**** INPUT DATA

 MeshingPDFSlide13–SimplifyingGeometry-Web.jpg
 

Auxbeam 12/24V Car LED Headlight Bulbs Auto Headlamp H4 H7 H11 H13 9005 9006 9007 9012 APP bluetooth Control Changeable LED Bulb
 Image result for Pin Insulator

********
**** INPUT DATA

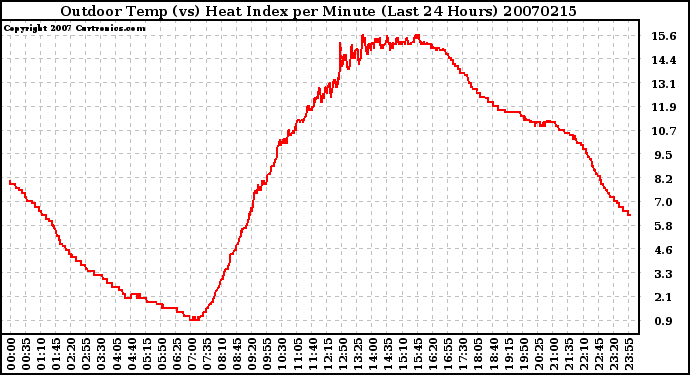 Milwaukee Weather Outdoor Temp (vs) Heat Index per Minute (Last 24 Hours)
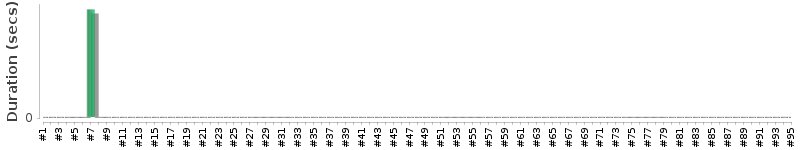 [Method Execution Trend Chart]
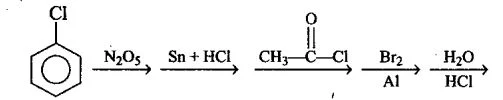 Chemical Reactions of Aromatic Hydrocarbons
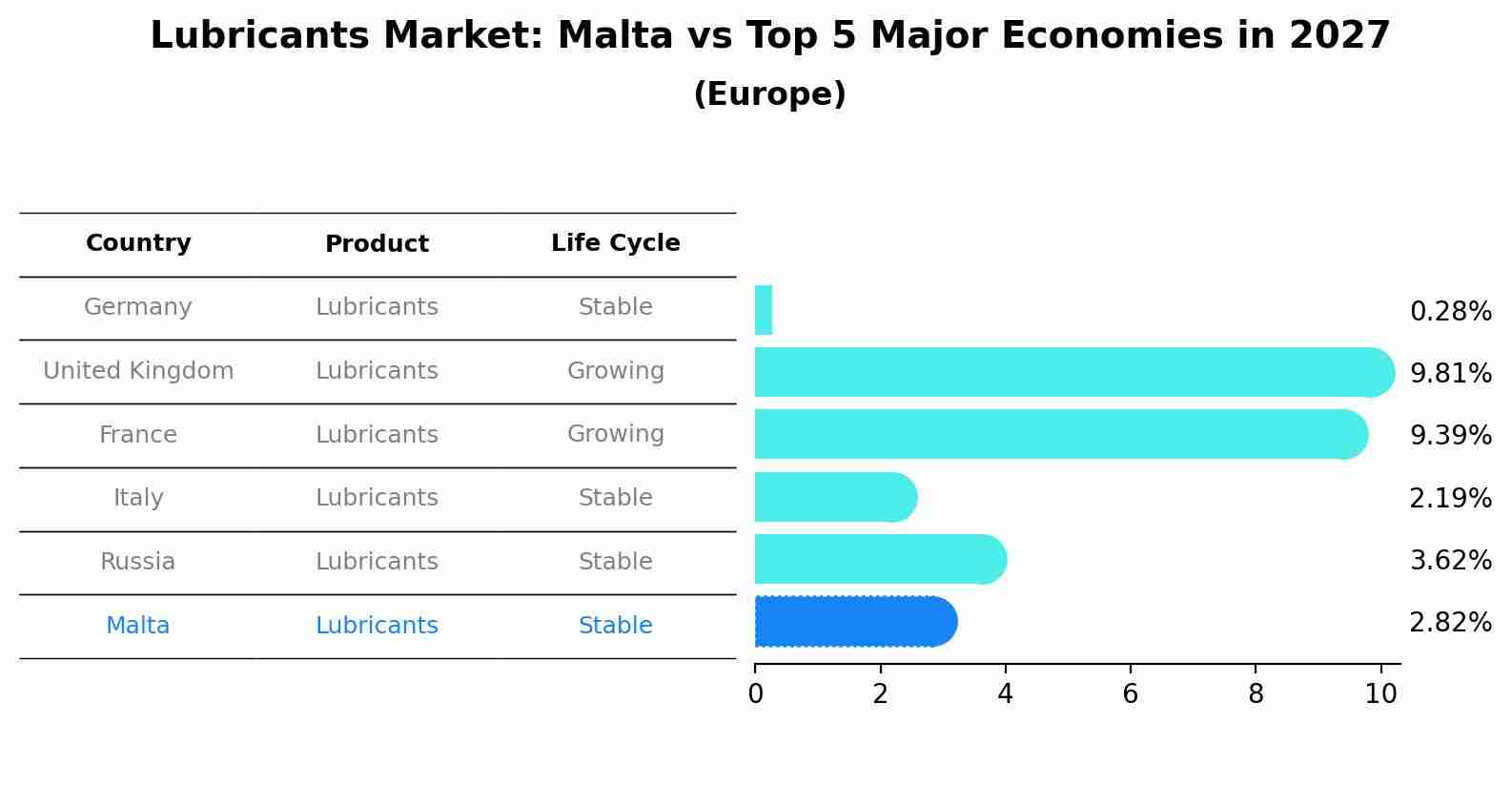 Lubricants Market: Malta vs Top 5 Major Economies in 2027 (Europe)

********

TASK REQUIREMENTS:
In the listing above, locate the line containing "Auxbeam 12/24V Car" and the line containing "Image result for Pin Insulator", then transcribe both and every line between them verbatim.

RESPONSE BELOW:
Auxbeam 12/24V Car LED Headlight Bulbs Auto Headlamp H4 H7 H11 H13 9005 9006 9007 9012 APP bluetooth Control Changeable LED Bulb
 Image result for Pin Insulator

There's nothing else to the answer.